Source records

━━━━━━

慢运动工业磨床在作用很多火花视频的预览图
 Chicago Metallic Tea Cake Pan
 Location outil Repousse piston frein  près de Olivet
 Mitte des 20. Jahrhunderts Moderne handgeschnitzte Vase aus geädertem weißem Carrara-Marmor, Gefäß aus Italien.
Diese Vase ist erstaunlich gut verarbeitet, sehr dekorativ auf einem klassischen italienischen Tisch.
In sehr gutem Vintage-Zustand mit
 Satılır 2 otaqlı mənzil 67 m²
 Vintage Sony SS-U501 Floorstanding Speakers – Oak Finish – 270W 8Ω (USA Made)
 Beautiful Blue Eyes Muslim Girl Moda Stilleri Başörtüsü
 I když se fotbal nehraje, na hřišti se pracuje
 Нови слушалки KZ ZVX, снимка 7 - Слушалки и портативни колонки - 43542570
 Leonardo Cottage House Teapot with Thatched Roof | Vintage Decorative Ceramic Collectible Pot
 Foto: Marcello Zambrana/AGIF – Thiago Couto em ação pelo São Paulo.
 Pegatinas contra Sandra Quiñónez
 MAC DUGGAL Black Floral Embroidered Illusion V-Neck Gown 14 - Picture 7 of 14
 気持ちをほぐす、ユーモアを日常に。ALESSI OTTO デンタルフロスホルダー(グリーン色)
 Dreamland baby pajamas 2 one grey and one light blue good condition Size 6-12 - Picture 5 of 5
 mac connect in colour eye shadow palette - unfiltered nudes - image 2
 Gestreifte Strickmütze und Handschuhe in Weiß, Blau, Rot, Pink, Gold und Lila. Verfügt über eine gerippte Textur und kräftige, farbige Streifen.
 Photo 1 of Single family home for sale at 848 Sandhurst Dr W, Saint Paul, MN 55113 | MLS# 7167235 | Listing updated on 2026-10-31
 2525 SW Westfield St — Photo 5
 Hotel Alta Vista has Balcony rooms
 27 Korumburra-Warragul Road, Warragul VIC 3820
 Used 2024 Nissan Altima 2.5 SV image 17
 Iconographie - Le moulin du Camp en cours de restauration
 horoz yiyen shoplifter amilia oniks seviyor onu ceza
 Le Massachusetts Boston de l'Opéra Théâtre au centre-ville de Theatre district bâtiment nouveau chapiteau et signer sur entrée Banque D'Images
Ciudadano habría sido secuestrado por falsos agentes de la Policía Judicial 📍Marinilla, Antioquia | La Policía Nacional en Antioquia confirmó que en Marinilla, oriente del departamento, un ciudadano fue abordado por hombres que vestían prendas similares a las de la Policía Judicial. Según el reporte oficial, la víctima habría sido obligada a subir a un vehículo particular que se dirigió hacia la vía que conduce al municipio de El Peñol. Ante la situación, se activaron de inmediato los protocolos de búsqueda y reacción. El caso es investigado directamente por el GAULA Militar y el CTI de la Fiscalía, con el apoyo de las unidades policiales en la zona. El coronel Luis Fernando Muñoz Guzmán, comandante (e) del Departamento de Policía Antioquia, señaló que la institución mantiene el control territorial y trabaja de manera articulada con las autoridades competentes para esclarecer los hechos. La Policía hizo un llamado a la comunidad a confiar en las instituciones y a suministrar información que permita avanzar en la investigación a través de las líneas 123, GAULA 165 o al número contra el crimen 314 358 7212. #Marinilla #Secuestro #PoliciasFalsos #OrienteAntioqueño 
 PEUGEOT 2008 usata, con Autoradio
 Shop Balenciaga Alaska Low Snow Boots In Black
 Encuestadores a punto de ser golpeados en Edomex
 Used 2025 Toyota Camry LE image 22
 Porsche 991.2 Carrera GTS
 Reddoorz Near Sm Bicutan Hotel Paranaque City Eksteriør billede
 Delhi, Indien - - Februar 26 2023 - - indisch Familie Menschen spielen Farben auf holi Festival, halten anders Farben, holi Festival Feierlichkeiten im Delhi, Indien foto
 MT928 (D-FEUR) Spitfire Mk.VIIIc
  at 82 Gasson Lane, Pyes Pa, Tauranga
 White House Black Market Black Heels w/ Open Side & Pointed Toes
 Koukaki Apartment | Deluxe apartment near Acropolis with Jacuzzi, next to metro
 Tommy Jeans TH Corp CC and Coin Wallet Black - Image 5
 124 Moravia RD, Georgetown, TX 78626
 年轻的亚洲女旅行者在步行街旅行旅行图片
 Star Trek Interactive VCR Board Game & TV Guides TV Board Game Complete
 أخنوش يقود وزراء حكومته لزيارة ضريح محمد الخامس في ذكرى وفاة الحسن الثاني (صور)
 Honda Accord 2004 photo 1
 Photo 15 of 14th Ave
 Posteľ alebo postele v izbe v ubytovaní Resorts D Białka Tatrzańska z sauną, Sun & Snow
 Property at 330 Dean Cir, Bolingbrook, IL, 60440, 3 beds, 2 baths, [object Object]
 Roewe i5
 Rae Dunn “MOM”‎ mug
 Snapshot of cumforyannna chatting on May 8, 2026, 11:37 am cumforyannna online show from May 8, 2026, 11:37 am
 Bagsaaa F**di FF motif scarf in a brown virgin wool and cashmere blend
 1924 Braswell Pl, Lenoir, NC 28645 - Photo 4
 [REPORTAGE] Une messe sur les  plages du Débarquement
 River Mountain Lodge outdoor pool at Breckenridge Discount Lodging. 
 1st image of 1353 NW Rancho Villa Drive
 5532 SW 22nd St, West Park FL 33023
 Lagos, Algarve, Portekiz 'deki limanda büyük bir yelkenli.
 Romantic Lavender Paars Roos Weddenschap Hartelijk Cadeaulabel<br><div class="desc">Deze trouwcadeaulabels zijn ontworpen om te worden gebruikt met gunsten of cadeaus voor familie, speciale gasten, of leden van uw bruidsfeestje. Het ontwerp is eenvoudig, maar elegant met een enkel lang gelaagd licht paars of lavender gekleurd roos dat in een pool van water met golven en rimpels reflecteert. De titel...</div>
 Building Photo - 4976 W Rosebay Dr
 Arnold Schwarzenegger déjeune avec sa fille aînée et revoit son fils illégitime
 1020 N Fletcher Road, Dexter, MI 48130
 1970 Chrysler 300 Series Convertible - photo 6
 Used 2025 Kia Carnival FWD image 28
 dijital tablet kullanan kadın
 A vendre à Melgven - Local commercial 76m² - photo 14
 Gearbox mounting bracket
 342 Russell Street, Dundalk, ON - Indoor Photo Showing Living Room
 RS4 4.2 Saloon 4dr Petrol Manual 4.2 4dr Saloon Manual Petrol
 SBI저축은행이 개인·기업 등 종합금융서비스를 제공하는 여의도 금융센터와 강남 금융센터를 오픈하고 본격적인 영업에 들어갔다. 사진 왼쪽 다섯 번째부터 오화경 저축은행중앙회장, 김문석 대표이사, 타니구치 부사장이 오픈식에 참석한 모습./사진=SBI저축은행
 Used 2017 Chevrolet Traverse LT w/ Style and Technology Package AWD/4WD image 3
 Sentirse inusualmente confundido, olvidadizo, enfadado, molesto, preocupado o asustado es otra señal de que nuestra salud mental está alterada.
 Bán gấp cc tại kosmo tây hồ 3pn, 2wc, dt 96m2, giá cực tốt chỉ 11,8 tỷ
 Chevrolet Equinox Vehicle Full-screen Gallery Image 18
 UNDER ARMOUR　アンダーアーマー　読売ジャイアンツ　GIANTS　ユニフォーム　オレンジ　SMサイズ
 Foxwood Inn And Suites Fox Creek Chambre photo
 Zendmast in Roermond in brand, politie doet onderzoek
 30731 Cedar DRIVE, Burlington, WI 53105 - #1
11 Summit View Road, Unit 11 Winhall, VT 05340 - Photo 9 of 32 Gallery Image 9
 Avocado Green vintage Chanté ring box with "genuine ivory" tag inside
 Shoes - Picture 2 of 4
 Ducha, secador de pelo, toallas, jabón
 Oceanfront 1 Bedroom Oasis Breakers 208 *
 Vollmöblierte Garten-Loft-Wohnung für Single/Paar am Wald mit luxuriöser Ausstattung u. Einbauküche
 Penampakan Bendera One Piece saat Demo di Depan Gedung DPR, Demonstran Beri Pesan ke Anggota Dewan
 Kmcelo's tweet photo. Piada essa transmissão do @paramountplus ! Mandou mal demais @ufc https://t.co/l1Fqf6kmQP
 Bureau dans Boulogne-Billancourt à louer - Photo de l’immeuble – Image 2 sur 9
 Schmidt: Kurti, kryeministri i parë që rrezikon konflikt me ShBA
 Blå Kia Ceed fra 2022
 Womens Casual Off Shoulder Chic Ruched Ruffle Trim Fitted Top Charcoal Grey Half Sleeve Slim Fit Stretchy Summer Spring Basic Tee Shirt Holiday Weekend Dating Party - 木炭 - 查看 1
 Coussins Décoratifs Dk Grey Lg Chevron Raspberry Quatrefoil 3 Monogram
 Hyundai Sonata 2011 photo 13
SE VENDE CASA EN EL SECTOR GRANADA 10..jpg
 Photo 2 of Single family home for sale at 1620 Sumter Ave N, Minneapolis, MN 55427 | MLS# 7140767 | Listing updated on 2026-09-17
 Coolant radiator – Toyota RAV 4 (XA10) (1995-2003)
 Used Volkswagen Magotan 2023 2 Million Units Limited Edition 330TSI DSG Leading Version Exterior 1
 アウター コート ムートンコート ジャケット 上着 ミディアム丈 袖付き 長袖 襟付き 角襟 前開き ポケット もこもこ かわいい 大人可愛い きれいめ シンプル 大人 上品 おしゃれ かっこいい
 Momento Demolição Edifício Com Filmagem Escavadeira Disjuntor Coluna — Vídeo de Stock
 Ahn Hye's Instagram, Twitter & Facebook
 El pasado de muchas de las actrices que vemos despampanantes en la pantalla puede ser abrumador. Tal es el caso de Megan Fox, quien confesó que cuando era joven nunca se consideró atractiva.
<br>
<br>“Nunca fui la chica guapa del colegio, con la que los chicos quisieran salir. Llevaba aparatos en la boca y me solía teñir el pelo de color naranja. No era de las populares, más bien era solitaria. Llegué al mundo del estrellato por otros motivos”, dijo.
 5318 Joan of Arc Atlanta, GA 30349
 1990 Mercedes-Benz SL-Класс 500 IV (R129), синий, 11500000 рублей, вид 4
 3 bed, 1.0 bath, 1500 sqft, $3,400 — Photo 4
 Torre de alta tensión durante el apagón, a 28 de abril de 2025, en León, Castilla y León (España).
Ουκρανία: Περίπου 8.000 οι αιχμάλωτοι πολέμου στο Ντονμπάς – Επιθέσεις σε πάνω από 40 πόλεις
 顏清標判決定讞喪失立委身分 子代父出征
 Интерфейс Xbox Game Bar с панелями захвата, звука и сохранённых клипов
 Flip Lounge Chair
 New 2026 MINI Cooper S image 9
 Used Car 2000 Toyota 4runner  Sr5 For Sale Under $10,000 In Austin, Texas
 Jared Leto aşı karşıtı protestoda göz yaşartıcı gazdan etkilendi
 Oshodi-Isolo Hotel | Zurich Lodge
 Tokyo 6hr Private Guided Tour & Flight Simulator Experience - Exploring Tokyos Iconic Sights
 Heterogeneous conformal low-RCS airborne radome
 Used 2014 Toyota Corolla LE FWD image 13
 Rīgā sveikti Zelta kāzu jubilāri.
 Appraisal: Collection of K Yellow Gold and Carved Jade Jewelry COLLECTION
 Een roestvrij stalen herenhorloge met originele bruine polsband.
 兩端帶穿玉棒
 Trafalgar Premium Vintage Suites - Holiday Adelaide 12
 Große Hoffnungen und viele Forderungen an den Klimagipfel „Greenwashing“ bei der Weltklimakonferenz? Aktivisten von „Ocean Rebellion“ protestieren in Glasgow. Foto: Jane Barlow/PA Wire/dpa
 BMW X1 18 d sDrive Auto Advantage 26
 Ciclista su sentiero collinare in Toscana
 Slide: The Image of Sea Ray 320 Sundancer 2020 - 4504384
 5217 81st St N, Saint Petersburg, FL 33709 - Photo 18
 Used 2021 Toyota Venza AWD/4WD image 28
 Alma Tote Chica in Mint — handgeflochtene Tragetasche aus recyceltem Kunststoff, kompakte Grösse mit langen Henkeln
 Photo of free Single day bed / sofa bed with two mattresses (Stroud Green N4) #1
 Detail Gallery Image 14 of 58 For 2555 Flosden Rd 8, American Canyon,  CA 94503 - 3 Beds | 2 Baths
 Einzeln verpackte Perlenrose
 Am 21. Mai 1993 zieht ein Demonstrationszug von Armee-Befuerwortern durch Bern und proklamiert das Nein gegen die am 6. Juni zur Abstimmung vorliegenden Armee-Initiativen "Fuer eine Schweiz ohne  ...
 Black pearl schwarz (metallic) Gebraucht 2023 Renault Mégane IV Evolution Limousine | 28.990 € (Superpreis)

━━━━━━

> About this task
Extract exactly and only the lines above from the line containing "Star Trek Interactive" through the line containing "Lagos, Algarve, Portekiz", both end lines included.

> Solution to the exercise
 Star Trek Interactive VCR Board Game & TV Guides TV Board Game Complete
 أخنوش يقود وزراء حكومته لزيارة ضريح محمد الخامس في ذكرى وفاة الحسن الثاني (صور)
 Honda Accord 2004 photo 1
 Photo 15 of 14th Ave
 Posteľ alebo postele v izbe v ubytovaní Resorts D Białka Tatrzańska z sauną, Sun & Snow
 Property at 330 Dean Cir, Bolingbrook, IL, 60440, 3 beds, 2 baths, [object Object]
 Roewe i5
 Rae Dunn “MOM”‎ mug
 Snapshot of cumforyannna chatting on May 8, 2026, 11:37 am cumforyannna online show from May 8, 2026, 11:37 am
 Bagsaaa F**di FF motif scarf in a brown virgin wool and cashmere blend
 1924 Braswell Pl, Lenoir, NC 28645 - Photo 4
 [REPORTAGE] Une messe sur les  plages du Débarquement
 River Mountain Lodge outdoor pool at Breckenridge Discount Lodging. 
 1st image of 1353 NW Rancho Villa Drive
 5532 SW 22nd St, West Park FL 33023
 Lagos, Algarve, Portekiz 'deki limanda büyük bir yelkenli.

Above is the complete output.